→ **Required action**
Where a picture appears, skip it and copy everything else in the listing exactly.

→ **Data to examine**
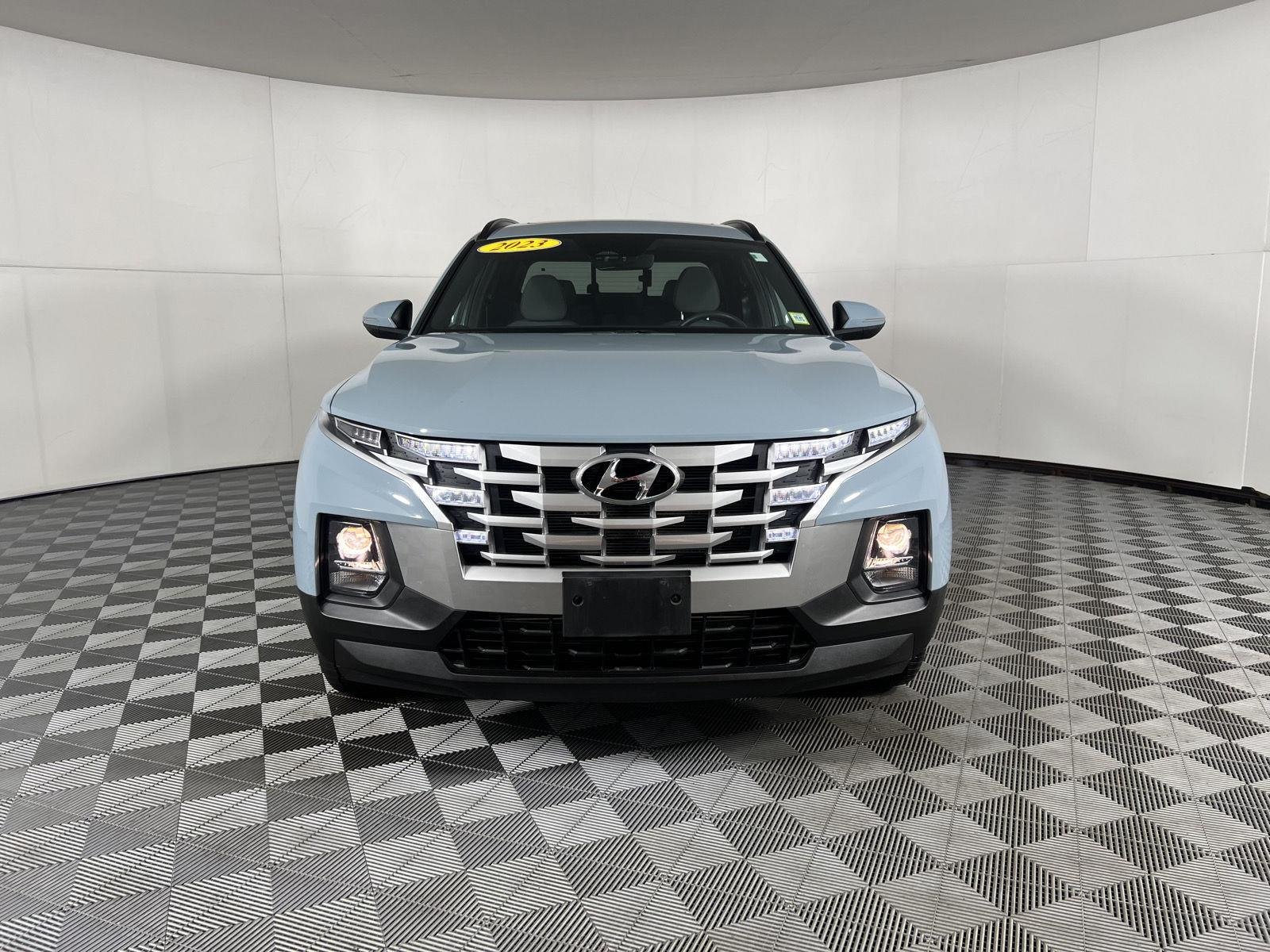 Used 2023 Blue Stone Hyundai SEL image 19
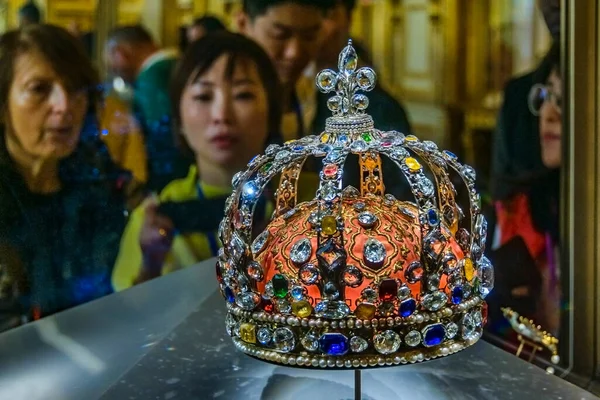 París Francia Enero 2022 Gente Observando Corona Real Expuesta Museo — Foto de Stock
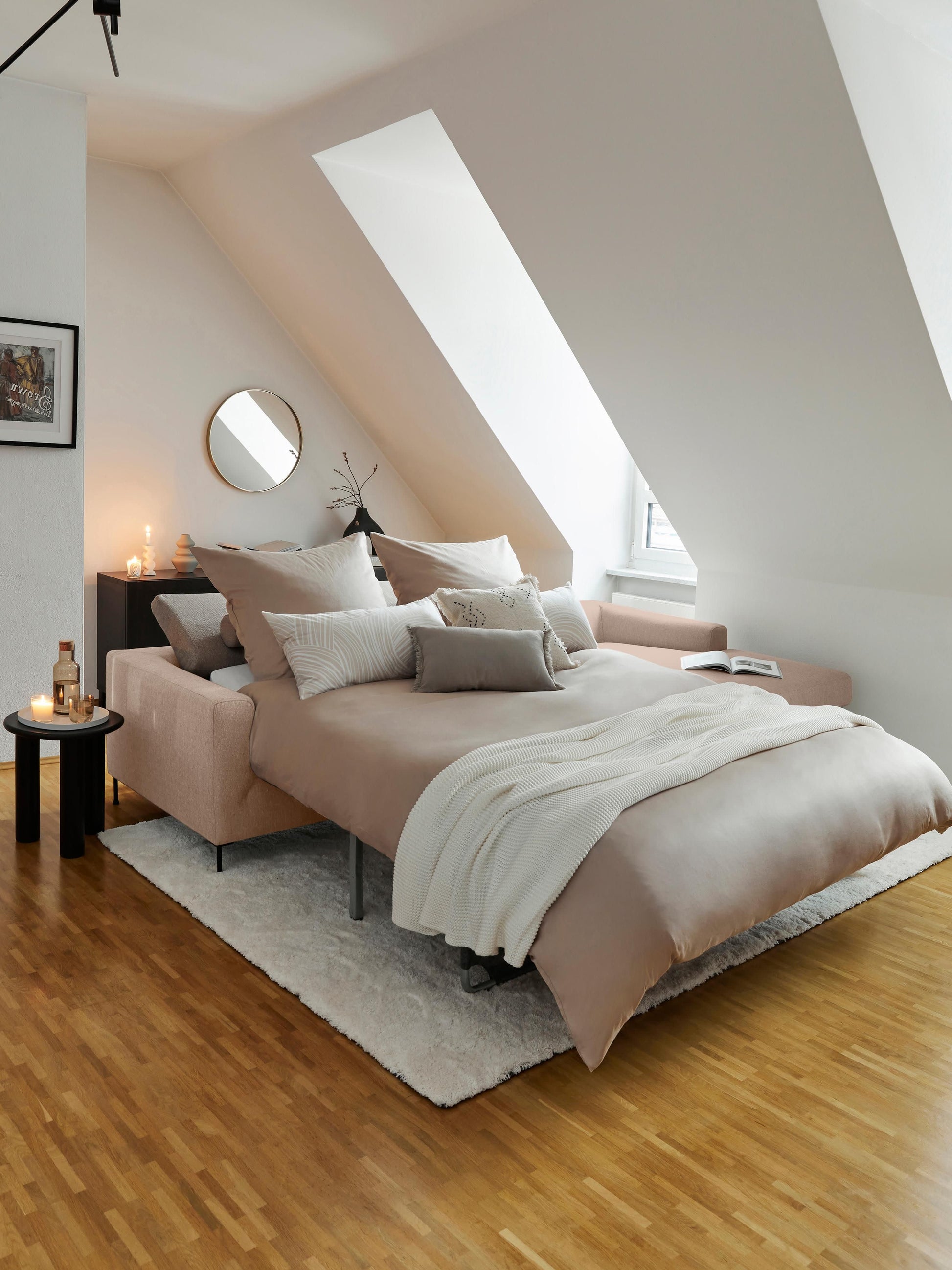 Cucaveri Sofa Bed (3-Seater) with Mattress
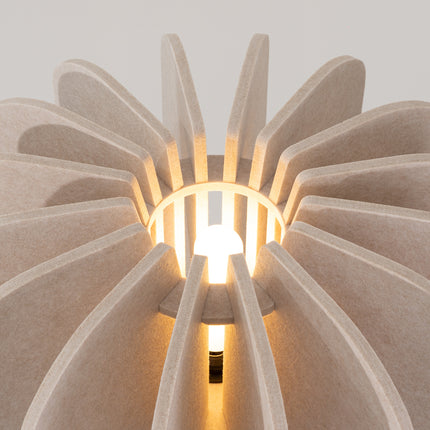 lampadaire lamelles de feutre 45 cm beige et noir, packshot de trois quarts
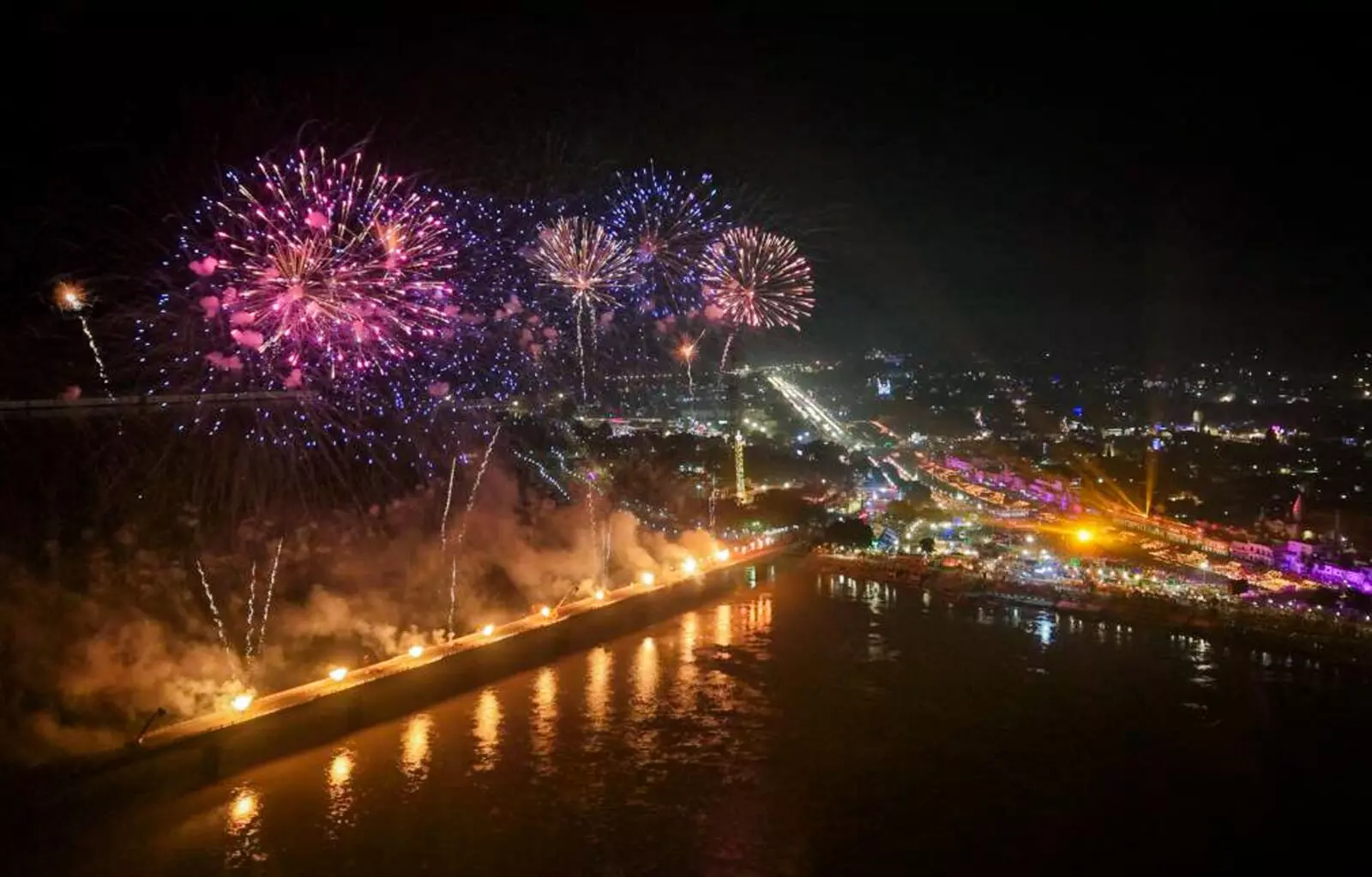 ದೇಶಾದ್ಯಂತ ದೀಪಾವಳಿ ಸಂಭ್ರಮ; ಚಿತ್ರಗಳಲ್ಲಿ ನೋಡಿ....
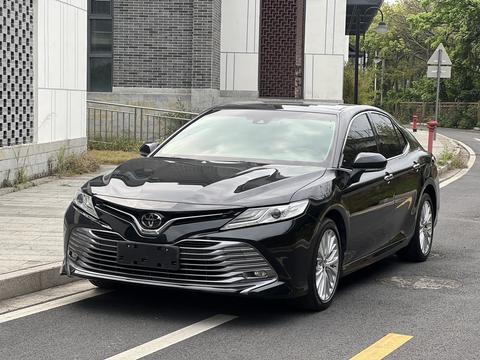 Camry 2019 2.5G Deluxe Edition National VI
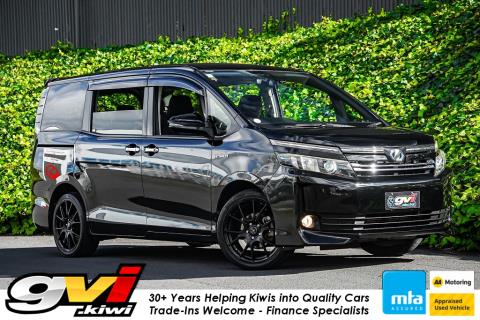 2014 Toyota Voxy Hybrid / Noah V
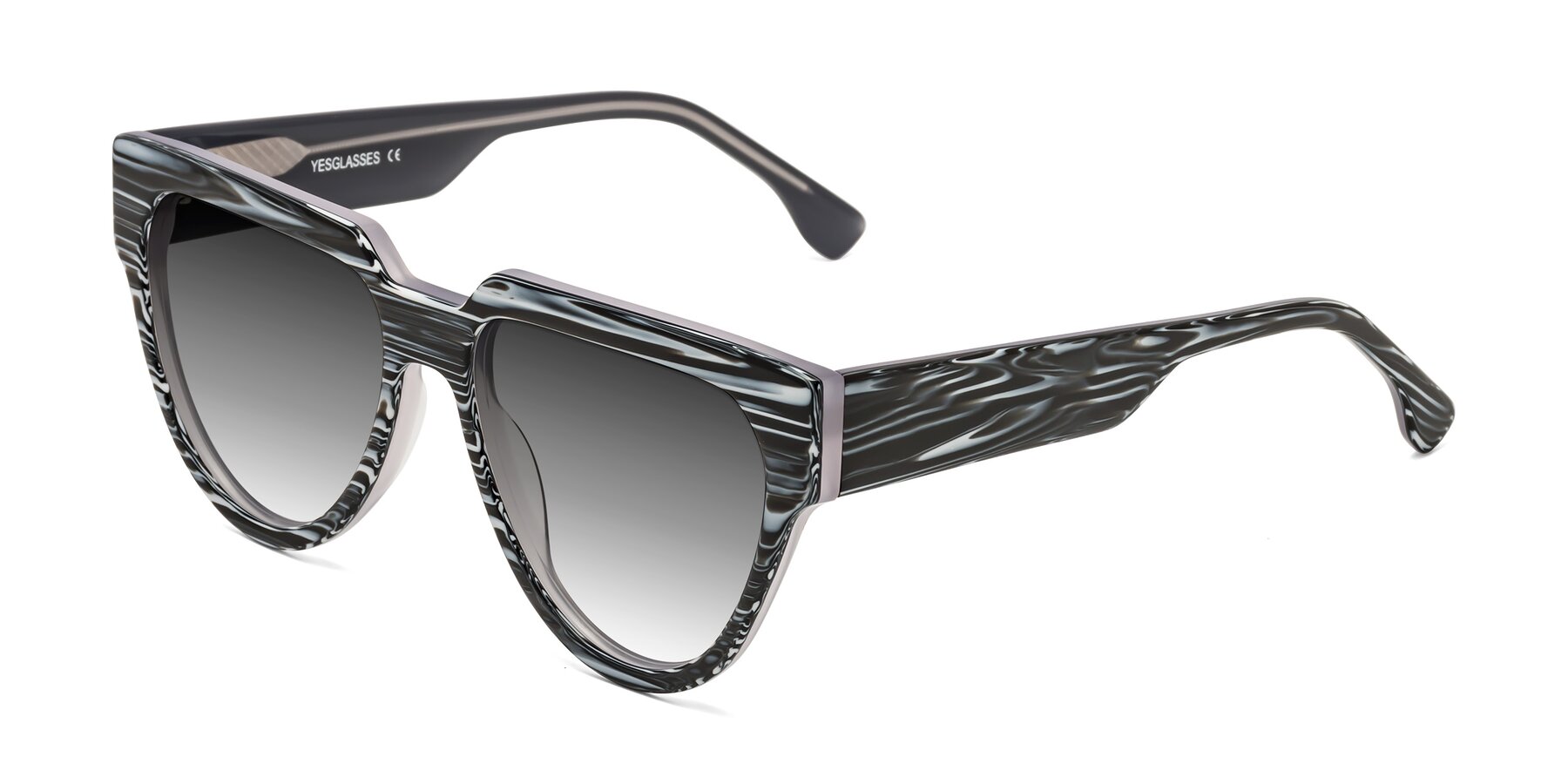 Angle of Yorke in Zebra-Print with Gray Gradient Lenses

→ **Exercise result**
 Used 2023 Blue Stone Hyundai SEL image 19
 París Francia Enero 2022 Gente Observando Corona Real Expuesta Museo — Foto de Stock
 Cucaveri Sofa Bed (3-Seater) with Mattress
 lampadaire lamelles de feutre 45 cm beige et noir, packshot de trois quarts
 ದೇಶಾದ್ಯಂತ ದೀಪಾವಳಿ ಸಂಭ್ರಮ; ಚಿತ್ರಗಳಲ್ಲಿ ನೋಡಿ....
 Camry 2019 2.5G Deluxe Edition National VI
 2014 Toyota Voxy Hybrid / Noah V
 Angle of Yorke in Zebra-Print with Gray Gradient Lenses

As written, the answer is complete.